## WORK REQUEST
For each line of the data that includes the word "Native", copy the line.

## TASK INPUTS
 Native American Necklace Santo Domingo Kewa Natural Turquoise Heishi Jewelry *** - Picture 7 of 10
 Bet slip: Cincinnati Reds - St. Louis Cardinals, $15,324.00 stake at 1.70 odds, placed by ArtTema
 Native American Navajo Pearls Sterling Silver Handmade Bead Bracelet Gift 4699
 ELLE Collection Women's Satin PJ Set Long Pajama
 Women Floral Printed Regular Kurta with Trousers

---

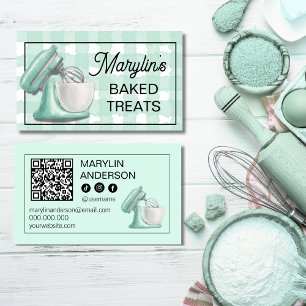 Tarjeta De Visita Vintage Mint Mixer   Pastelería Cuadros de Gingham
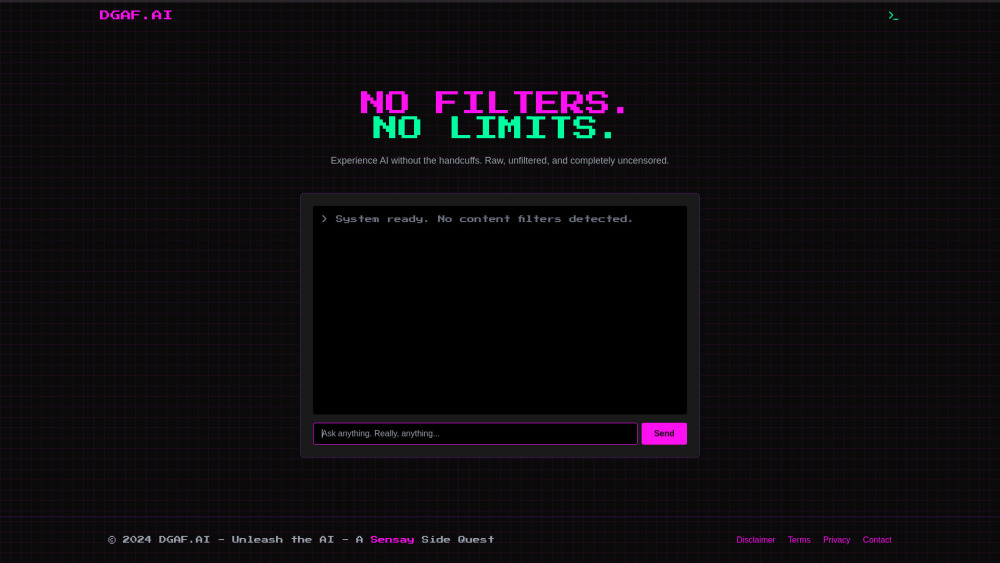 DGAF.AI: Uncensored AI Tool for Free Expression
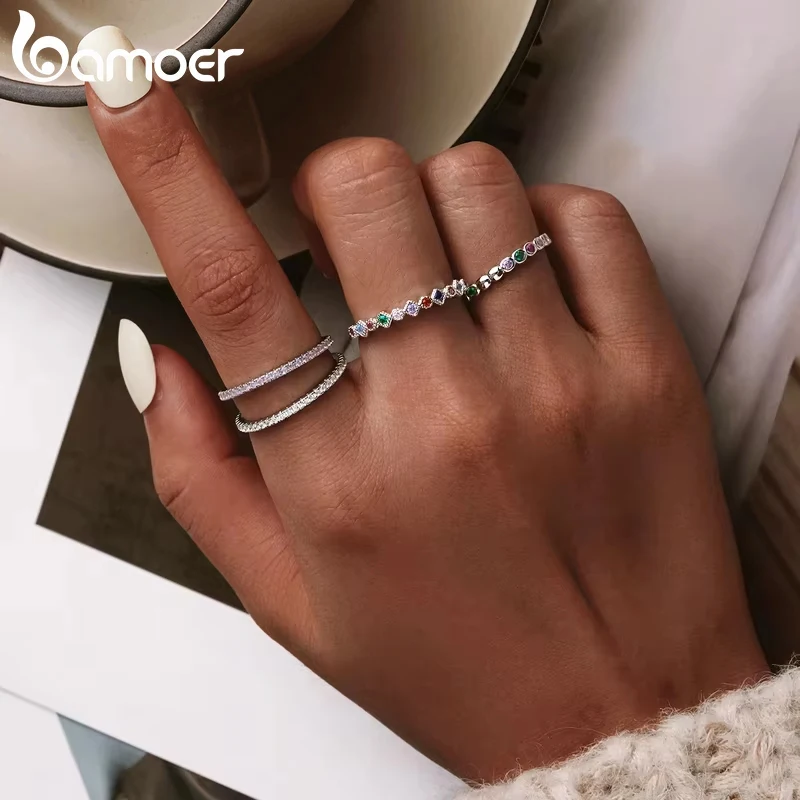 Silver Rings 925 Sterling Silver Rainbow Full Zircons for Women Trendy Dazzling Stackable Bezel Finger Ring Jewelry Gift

## RESULT OF THE TASK
 Native American Necklace Santo Domingo Kewa Natural Turquoise Heishi Jewelry *** - Picture 7 of 10
 Native American Navajo Pearls Sterling Silver Handmade Bead Bracelet Gift 4699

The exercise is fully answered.